* _INSTRUCTIONS FOR THE TASK_:
Please transcribe, word for word, only the lines from the one containing "Women's Fashionable Loose-fitting" through the last line of the records below, both included, and leave out every picture.

Short descriptive text snippets:

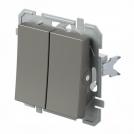TEM - Double button color Titanium Logiq SQ51TIXO (1)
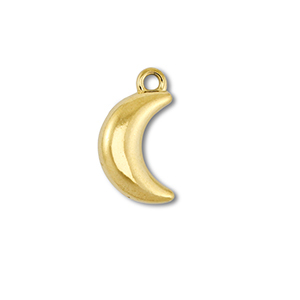 Colgantes Acero Inox luna Dorado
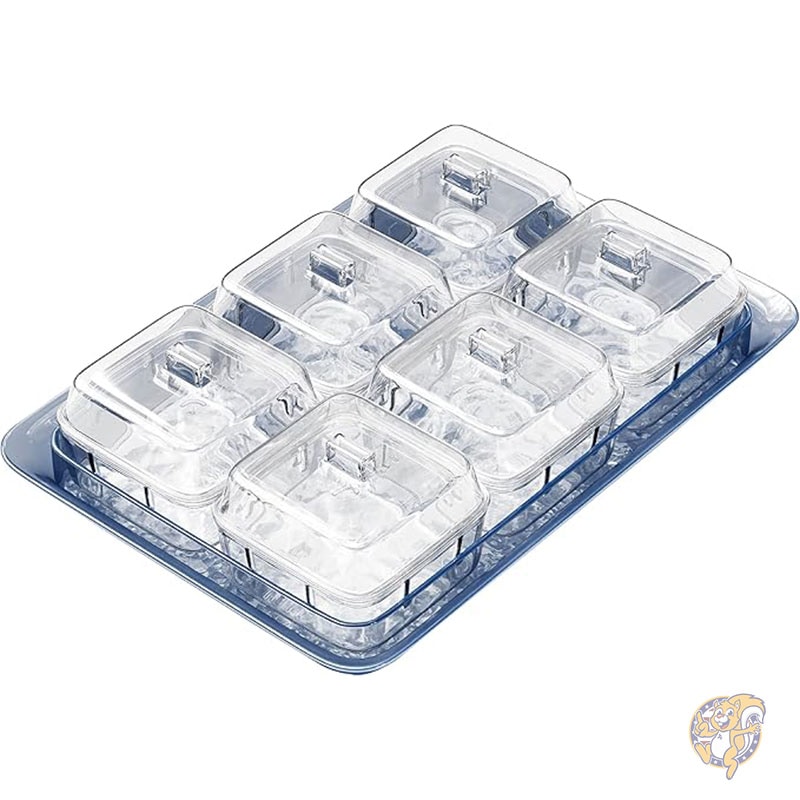 【ポイント3倍20時28時間】アクリル製ブルートレイ 6つの透明ボウル付き 調味料皿 サービングボウル ビ..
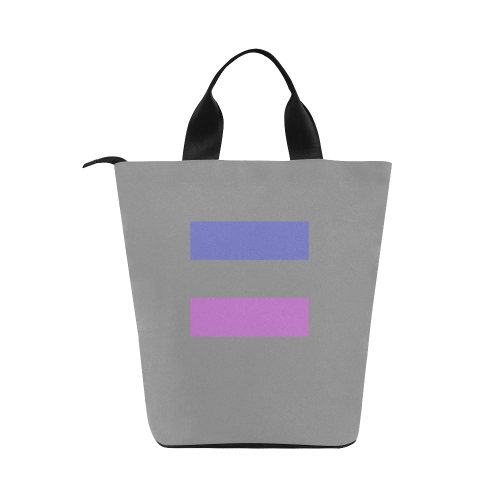 Androgynous Flag Nylon Lunch Tote Bag (Model 1670)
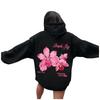 Women's Fashionable Loose-fitting Casual Long-sleeved Hooded Printed Sweatshirt
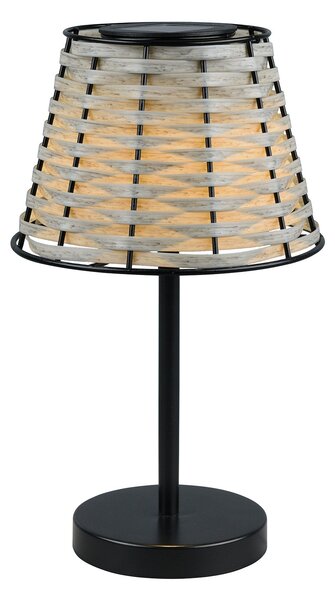 Lampada da Tavolo da Esterno a LED SMD in Metallo Nero Opaco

* _EXERCISE SOLUTION_:
 Women's Fashionable Loose-fitting Casual Long-sleeved Hooded Printed Sweatshirt
 Lampada da Tavolo da Esterno a LED SMD in Metallo Nero Opaco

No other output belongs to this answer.